◆ **INSTRUCTIONS TO FOLLOW**
Please set down the lines of the listing exactly, from its first line to the line with "Кроссовки женские", leaving the pictures out.

◆ **EXERCISE DATA**
==========

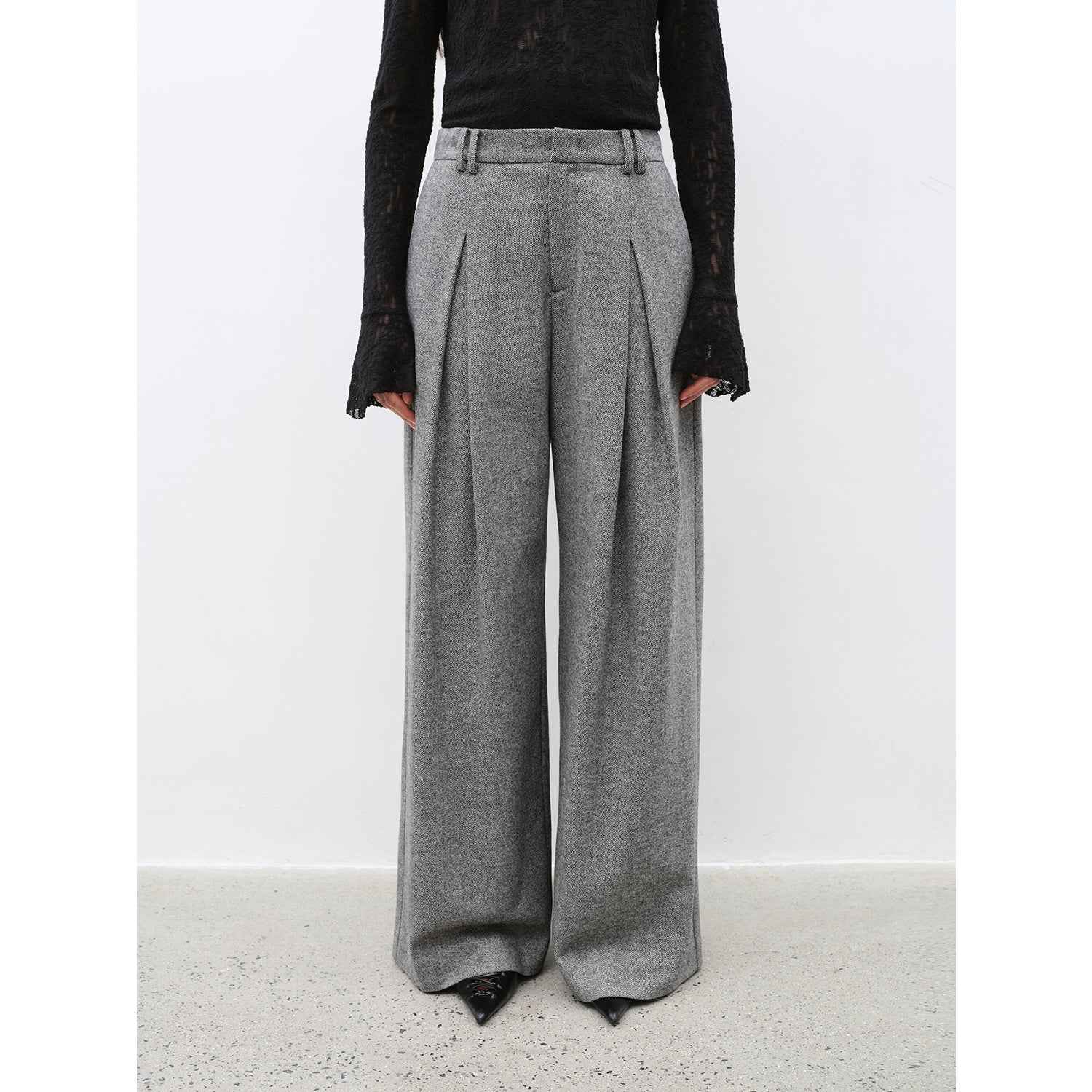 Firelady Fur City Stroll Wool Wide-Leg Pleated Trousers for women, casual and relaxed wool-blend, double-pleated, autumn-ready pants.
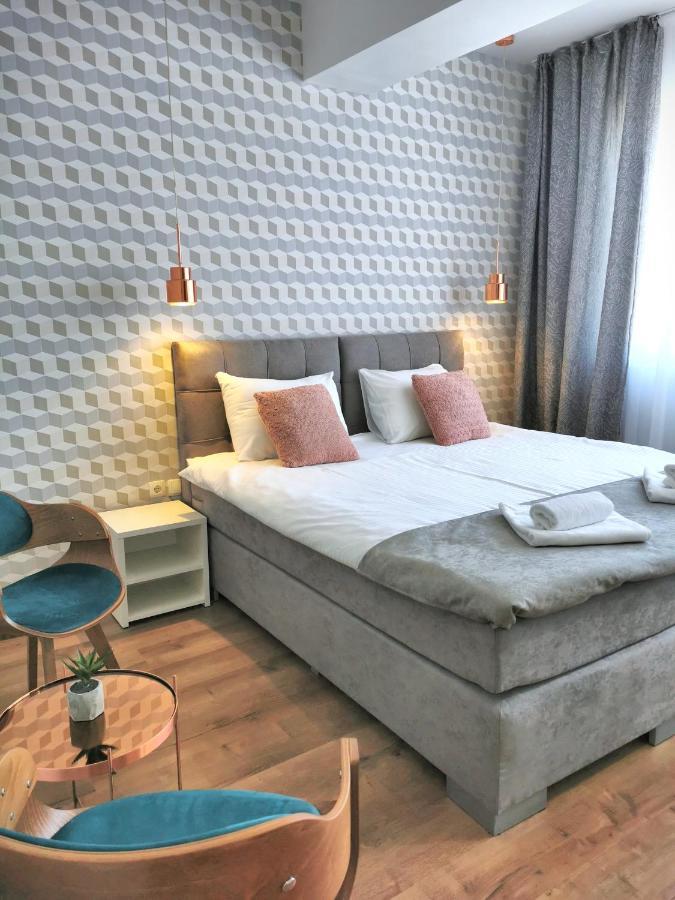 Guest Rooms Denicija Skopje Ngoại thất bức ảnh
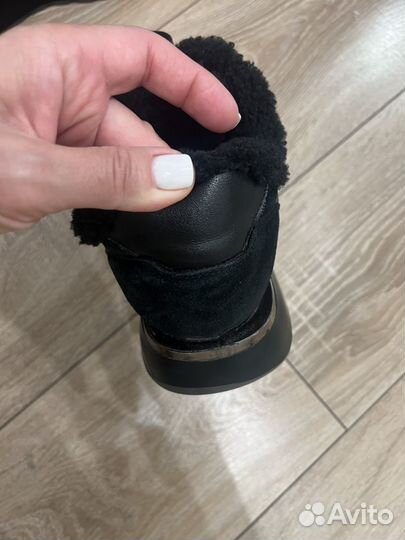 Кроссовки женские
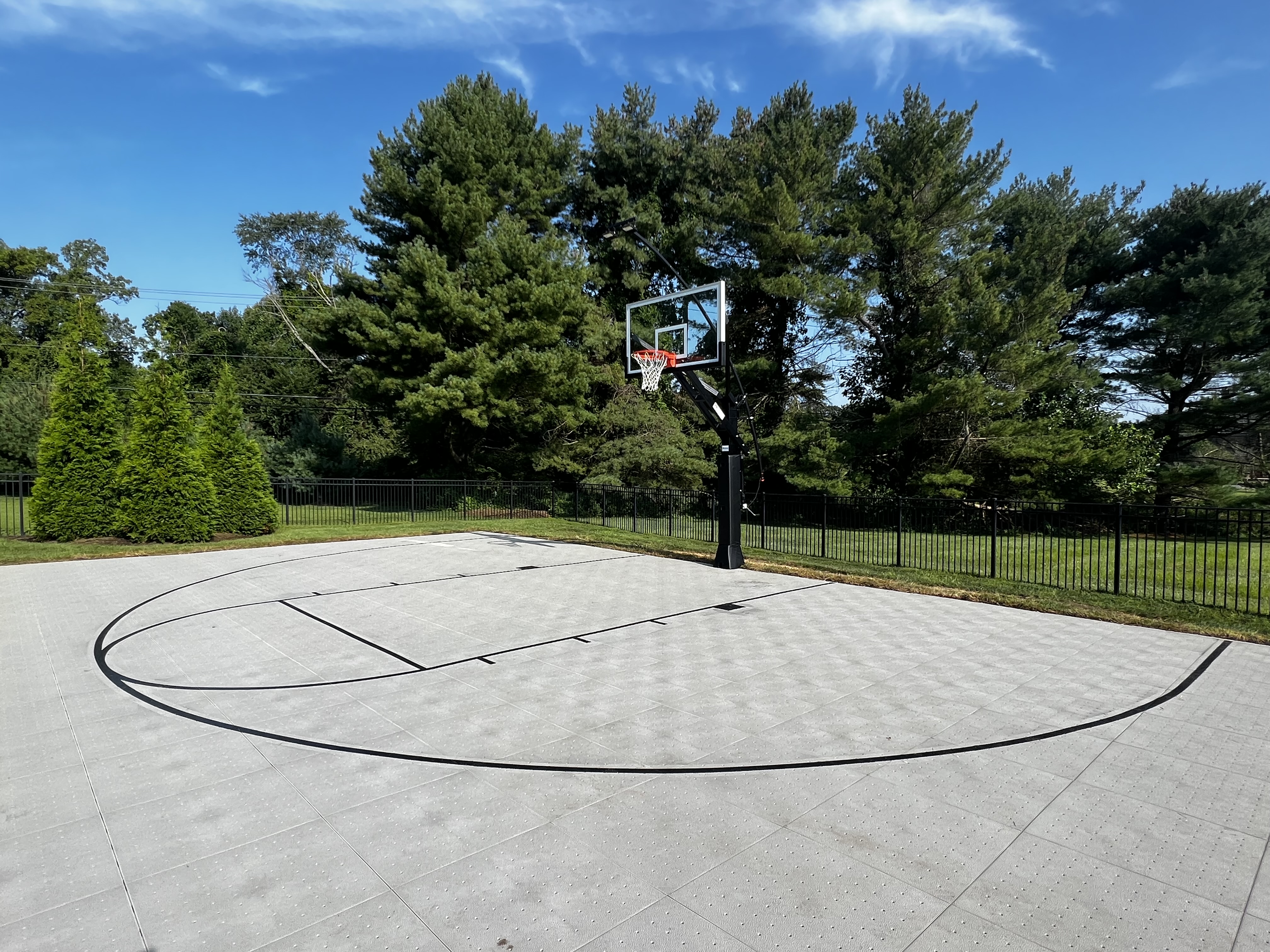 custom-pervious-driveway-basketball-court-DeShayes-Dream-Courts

==========

◆ **EXERCISE SOLUTION**
 Firelady Fur City Stroll Wool Wide-Leg Pleated Trousers for women, casual and relaxed wool-blend, double-pleated, autumn-ready pants.
 Guest Rooms Denicija Skopje Ngoại thất bức ảnh
 Кроссовки женские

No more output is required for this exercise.